EXERCISE: From the line containing "Snapshot of yellowwetfox" to the last line of the data, both included, transcribe each line exactly, leaving out pictures and adding nothing.

RECORDED DATA:

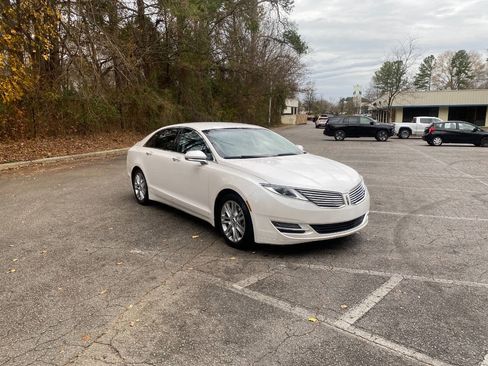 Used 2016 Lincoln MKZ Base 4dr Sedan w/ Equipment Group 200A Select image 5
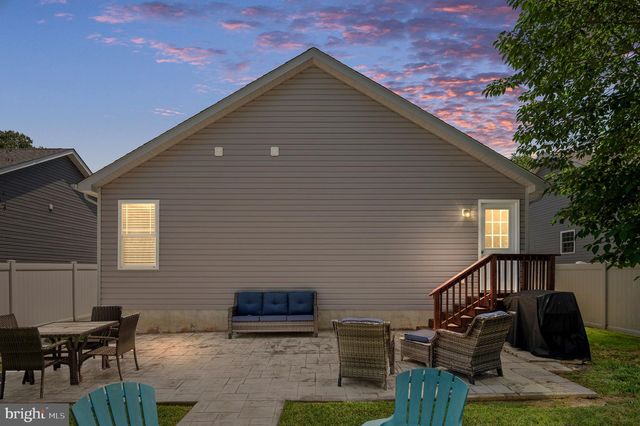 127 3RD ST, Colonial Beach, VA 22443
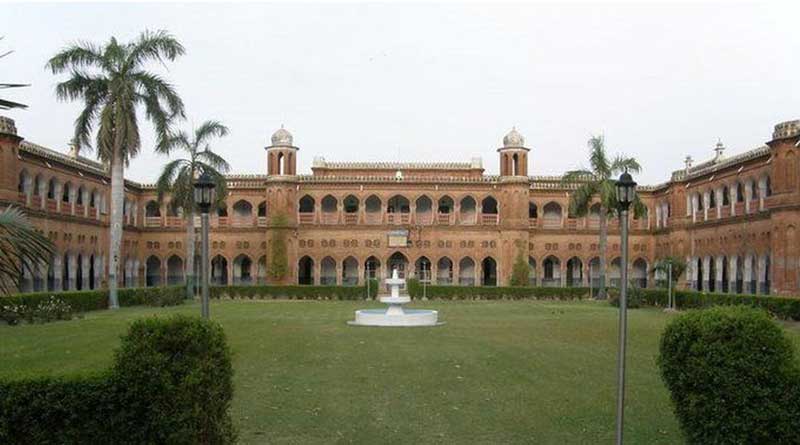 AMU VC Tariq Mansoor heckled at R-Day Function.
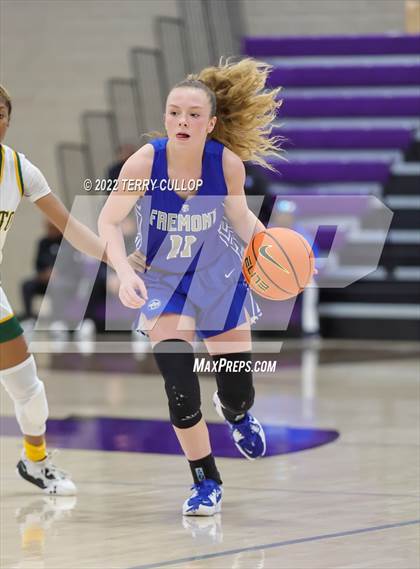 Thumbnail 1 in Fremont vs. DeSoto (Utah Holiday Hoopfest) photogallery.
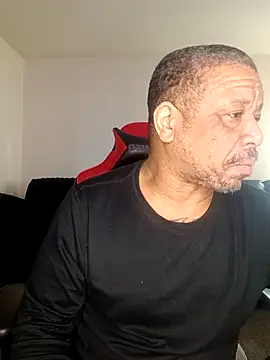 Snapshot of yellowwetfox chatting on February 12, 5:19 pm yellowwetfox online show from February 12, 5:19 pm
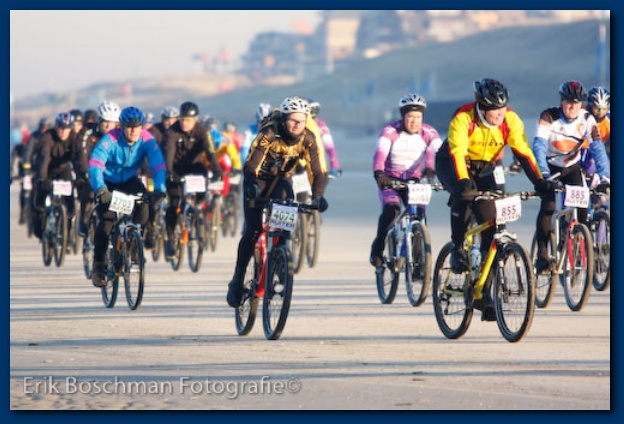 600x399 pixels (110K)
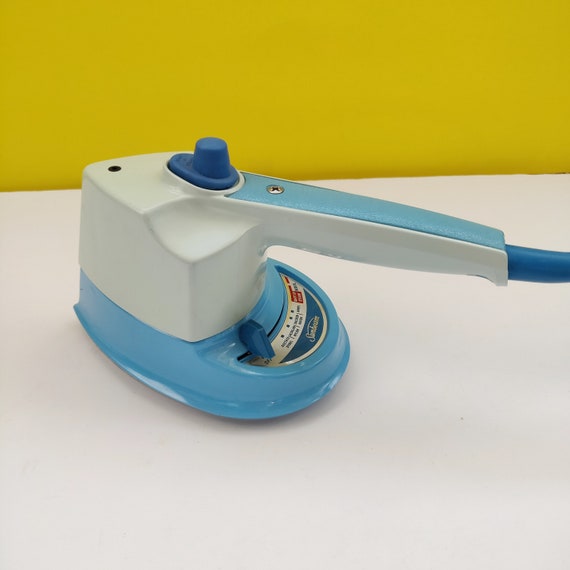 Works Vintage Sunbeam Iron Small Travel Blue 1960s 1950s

WRITTEN RESPONSE:
 Snapshot of yellowwetfox chatting on February 12, 5:19 pm yellowwetfox online show from February 12, 5:19 pm
 600x399 pixels (110K)
 Works Vintage Sunbeam Iron Small Travel Blue 1960s 1950s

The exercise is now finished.